→ WHAT TO WORK ON
Your task is to repeat exactly the lines below between the line holding "MDMA Михайлов" and the line holding "The New Beggars'", inclusive, and only those.
Start of RECORDS FOR PROCESSING
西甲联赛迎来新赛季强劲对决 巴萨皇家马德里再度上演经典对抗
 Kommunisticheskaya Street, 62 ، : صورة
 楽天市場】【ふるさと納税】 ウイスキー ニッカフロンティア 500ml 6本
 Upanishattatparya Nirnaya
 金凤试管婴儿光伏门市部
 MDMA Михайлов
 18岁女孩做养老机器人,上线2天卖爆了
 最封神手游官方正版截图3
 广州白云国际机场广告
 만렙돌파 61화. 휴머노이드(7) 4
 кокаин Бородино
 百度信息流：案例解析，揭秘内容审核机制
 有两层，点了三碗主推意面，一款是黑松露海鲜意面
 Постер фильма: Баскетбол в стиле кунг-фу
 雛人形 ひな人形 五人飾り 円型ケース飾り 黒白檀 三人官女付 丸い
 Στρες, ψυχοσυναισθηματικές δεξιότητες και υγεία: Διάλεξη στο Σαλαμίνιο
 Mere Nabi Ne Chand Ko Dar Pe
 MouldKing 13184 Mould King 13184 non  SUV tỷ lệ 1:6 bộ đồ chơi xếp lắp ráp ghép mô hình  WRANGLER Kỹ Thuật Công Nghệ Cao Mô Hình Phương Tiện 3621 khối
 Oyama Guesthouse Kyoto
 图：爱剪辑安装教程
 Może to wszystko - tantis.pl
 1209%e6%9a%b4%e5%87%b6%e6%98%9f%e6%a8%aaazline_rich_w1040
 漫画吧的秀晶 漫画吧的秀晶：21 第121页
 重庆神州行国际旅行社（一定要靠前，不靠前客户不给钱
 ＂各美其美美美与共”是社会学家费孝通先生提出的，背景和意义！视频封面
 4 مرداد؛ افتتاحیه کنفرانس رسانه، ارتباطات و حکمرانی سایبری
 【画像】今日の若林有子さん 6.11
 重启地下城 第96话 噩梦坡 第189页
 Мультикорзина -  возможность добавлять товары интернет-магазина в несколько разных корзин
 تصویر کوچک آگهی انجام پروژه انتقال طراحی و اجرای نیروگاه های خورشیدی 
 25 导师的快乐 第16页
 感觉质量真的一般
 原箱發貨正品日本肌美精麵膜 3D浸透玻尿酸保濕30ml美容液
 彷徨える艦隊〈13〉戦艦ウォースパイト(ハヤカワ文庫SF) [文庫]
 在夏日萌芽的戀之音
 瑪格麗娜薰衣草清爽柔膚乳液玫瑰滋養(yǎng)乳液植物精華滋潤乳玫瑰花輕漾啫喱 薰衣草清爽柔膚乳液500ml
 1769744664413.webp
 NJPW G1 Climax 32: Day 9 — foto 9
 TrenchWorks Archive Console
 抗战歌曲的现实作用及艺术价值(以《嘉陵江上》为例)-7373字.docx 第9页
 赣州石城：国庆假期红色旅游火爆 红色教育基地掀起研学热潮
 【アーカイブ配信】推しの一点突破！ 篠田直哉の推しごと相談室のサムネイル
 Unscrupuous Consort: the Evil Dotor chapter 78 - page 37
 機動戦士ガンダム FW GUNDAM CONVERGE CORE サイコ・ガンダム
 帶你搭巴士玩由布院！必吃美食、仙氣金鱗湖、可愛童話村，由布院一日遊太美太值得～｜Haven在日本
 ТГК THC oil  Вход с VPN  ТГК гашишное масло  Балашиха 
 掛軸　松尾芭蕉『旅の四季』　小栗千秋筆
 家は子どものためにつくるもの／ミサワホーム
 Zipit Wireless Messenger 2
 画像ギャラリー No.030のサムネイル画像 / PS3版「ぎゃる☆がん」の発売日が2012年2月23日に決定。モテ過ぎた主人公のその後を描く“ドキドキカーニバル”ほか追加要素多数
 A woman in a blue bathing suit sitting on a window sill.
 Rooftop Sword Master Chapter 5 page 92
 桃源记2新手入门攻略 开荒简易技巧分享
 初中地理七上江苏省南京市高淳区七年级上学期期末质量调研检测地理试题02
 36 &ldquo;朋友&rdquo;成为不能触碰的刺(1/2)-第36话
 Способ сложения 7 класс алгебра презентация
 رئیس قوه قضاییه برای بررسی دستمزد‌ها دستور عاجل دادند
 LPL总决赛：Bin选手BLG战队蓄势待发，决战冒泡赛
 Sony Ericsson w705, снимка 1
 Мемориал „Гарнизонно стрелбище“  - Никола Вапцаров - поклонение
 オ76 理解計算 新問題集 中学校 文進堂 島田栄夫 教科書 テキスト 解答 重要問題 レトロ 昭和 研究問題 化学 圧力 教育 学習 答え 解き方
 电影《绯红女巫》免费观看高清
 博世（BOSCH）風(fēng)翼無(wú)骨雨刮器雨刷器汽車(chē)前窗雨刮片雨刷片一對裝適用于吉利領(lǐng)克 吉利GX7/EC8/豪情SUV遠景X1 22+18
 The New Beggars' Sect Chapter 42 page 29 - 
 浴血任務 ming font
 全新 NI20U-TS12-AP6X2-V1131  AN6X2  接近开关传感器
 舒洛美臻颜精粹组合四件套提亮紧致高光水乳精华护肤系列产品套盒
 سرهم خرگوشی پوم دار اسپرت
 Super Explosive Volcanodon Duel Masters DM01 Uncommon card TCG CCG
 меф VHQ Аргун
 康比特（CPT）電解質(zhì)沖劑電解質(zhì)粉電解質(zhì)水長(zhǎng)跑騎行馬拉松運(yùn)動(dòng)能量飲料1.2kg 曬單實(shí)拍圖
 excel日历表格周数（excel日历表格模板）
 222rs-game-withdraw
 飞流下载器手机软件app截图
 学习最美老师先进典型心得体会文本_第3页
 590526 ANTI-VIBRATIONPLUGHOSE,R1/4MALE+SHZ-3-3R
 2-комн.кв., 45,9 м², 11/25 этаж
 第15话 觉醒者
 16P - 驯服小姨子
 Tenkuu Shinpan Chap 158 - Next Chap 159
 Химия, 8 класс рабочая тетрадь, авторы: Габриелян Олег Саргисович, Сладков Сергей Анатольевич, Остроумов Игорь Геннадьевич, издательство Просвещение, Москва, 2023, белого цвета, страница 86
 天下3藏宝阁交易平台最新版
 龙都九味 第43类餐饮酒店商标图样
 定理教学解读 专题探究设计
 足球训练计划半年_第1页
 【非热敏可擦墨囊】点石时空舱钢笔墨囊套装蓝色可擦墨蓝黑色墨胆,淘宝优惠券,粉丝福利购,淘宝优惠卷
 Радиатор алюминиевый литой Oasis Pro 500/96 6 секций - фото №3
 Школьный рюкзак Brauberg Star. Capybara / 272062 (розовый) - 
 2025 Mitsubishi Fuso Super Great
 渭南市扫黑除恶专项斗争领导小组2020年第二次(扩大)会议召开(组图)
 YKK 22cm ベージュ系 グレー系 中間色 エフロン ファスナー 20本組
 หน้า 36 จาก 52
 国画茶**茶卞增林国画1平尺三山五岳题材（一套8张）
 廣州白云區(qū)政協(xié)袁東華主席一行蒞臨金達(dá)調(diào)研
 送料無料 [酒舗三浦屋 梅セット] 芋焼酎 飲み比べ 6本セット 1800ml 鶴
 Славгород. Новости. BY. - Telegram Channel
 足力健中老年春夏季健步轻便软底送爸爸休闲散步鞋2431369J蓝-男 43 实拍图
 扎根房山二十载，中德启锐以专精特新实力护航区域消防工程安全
End of RECORDS FOR PROCESSING
→ SOLUTION BELOW
 MDMA Михайлов
 18岁女孩做养老机器人,上线2天卖爆了
 最封神手游官方正版截图3
 广州白云国际机场广告
 만렙돌파 61화. 휴머노이드(7) 4
 кокаин Бородино
 百度信息流：案例解析，揭秘内容审核机制
 有两层，点了三碗主推意面，一款是黑松露海鲜意面
 Постер фильма: Баскетбол в стиле кунг-фу
 雛人形 ひな人形 五人飾り 円型ケース飾り 黒白檀 三人官女付 丸い
 Στρες, ψυχοσυναισθηματικές δεξιότητες και υγεία: Διάλεξη στο Σαλαμίνιο
 Mere Nabi Ne Chand Ko Dar Pe
 MouldKing 13184 Mould King 13184 non  SUV tỷ lệ 1:6 bộ đồ chơi xếp lắp ráp ghép mô hình  WRANGLER Kỹ Thuật Công Nghệ Cao Mô Hình Phương Tiện 3621 khối
 Oyama Guesthouse Kyoto
 图：爱剪辑安装教程
 Może to wszystko - tantis.pl
 1209%e6%9a%b4%e5%87%b6%e6%98%9f%e6%a8%aaazline_rich_w1040
 漫画吧的秀晶 漫画吧的秀晶：21 第121页
 重庆神州行国际旅行社（一定要靠前，不靠前客户不给钱
 ＂各美其美美美与共”是社会学家费孝通先生提出的，背景和意义！视频封面
 4 مرداد؛ افتتاحیه کنفرانس رسانه، ارتباطات و حکمرانی سایبری
 【画像】今日の若林有子さん 6.11
 重启地下城 第96话 噩梦坡 第189页
 Мультикорзина -  возможность добавлять товары интернет-магазина в несколько разных корзин
 تصویر کوچک آگهی انجام پروژه انتقال طراحی و اجرای نیروگاه های خورشیدی 
 25 导师的快乐 第16页
 感觉质量真的一般
 原箱發貨正品日本肌美精麵膜 3D浸透玻尿酸保濕30ml美容液
 彷徨える艦隊〈13〉戦艦ウォースパイト(ハヤカワ文庫SF) [文庫]
 在夏日萌芽的戀之音
 瑪格麗娜薰衣草清爽柔膚乳液玫瑰滋養(yǎng)乳液植物精華滋潤乳玫瑰花輕漾啫喱 薰衣草清爽柔膚乳液500ml
 1769744664413.webp
 NJPW G1 Climax 32: Day 9 — foto 9
 TrenchWorks Archive Console
 抗战歌曲的现实作用及艺术价值(以《嘉陵江上》为例)-7373字.docx 第9页
 赣州石城：国庆假期红色旅游火爆 红色教育基地掀起研学热潮
 【アーカイブ配信】推しの一点突破！ 篠田直哉の推しごと相談室のサムネイル
 Unscrupuous Consort: the Evil Dotor chapter 78 - page 37
 機動戦士ガンダム FW GUNDAM CONVERGE CORE サイコ・ガンダム
 帶你搭巴士玩由布院！必吃美食、仙氣金鱗湖、可愛童話村，由布院一日遊太美太值得～｜Haven在日本
 ТГК THC oil  Вход с VPN  ТГК гашишное масло  Балашиха 
 掛軸　松尾芭蕉『旅の四季』　小栗千秋筆
 家は子どものためにつくるもの／ミサワホーム
 Zipit Wireless Messenger 2
 画像ギャラリー No.030のサムネイル画像 / PS3版「ぎゃる☆がん」の発売日が2012年2月23日に決定。モテ過ぎた主人公のその後を描く“ドキドキカーニバル”ほか追加要素多数
 A woman in a blue bathing suit sitting on a window sill.
 Rooftop Sword Master Chapter 5 page 92
 桃源记2新手入门攻略 开荒简易技巧分享
 初中地理七上江苏省南京市高淳区七年级上学期期末质量调研检测地理试题02
 36 &ldquo;朋友&rdquo;成为不能触碰的刺(1/2)-第36话
 Способ сложения 7 класс алгебра презентация
 رئیس قوه قضاییه برای بررسی دستمزد‌ها دستور عاجل دادند
 LPL总决赛：Bin选手BLG战队蓄势待发，决战冒泡赛
 Sony Ericsson w705, снимка 1
 Мемориал „Гарнизонно стрелбище“  - Никола Вапцаров - поклонение
 オ76 理解計算 新問題集 中学校 文進堂 島田栄夫 教科書 テキスト 解答 重要問題 レトロ 昭和 研究問題 化学 圧力 教育 学習 答え 解き方
 电影《绯红女巫》免费观看高清
 博世（BOSCH）風(fēng)翼無(wú)骨雨刮器雨刷器汽車(chē)前窗雨刮片雨刷片一對裝適用于吉利領(lǐng)克 吉利GX7/EC8/豪情SUV遠景X1 22+18
 The New Beggars' Sect Chapter 42 page 29 - 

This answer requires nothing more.